"Victory over PTSD" in big lettering on the side of our support truck to be seen by all as we continue along here in South Australia and onto Victoria, Canberra and NSW ahead. People passing by are tooting their horns and giving the long ride home team the big thumbs up, which now tells me we are getting there and the PTSD awareness is being heard since leaving Hanoi.
People are taking photos as they pass by and sending them to me on the long ride home Facebook commenting on where they saw me on route and how they weren't aware that our veterans weren't getting the proper care required after returning home from war. So the long ride home being about PTSD awareness is soldiering on as mentioned.
Some comments we have received:
"We just passed you 80km from Kimba. You are so inspiring! Best of luck for the rest of your journey."
"We saw you just outside of Ceduna pushing along in the downpour of rain.
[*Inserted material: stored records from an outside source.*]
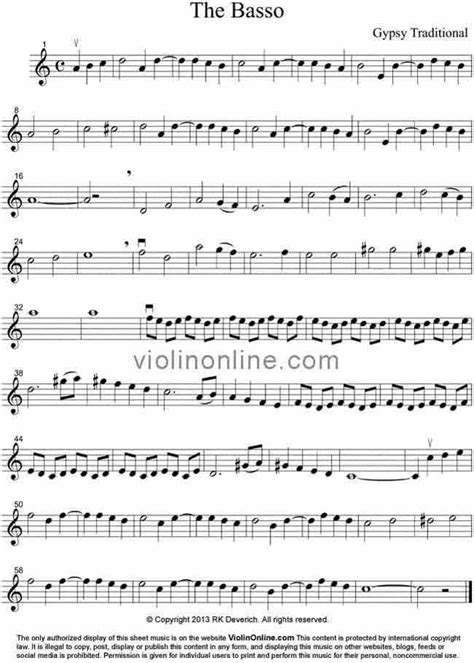 Music Sheets Violin Free Joplin The Entertainer Sheet Music For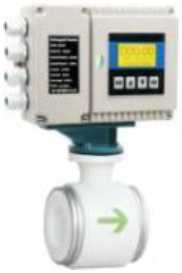 Внешний вид. Расходомеры электромагнитные, http://oei-analitika.ru рисунок № 10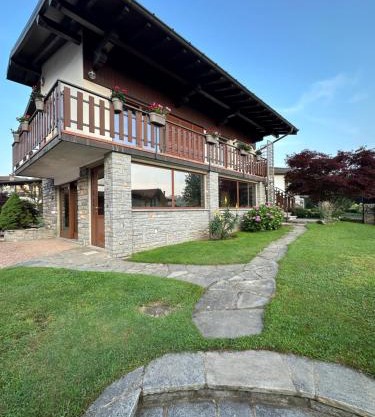 Casa Gioia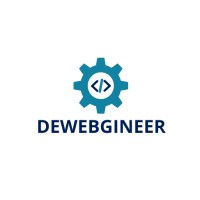 Dewebgineer Solutions logo - Similar company to Vandesign Web Development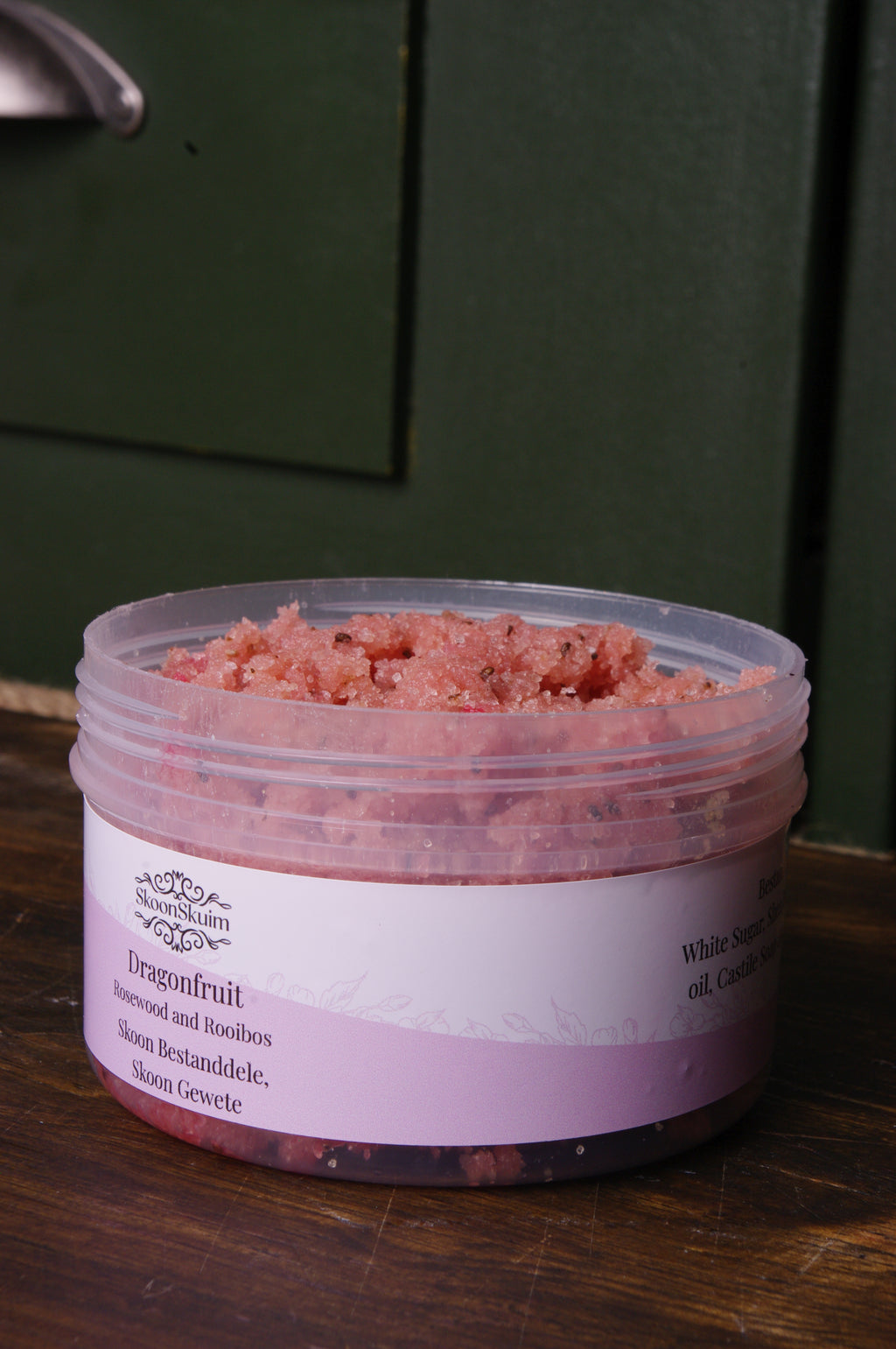 Body Scrubs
What a committed person you are for making aware of PTSD, well done and safe traveling."
A great welcome and outstanding donation from the Port Pirie RSL club on arrival with the Mayor of Port Pirie John Rohde, RSL president Malcolm "Bondy" Bond, RSL Vice President Mick Hipgood, Jeff Kenyon RSL Museum curator, Jack Lawrie (treasurer) and members in attendance to make our welcome a very warm one indeed. With a lot of well planned activities organised by the committee the donation towards the long ride home being quite substantial. A big well done and thank you to the committee and members of the Port Pirie RSL from myself and the team for your warm welcome, the lunch, planned activities to raise money for the long ride home cause, and the outstanding tour through the military museum.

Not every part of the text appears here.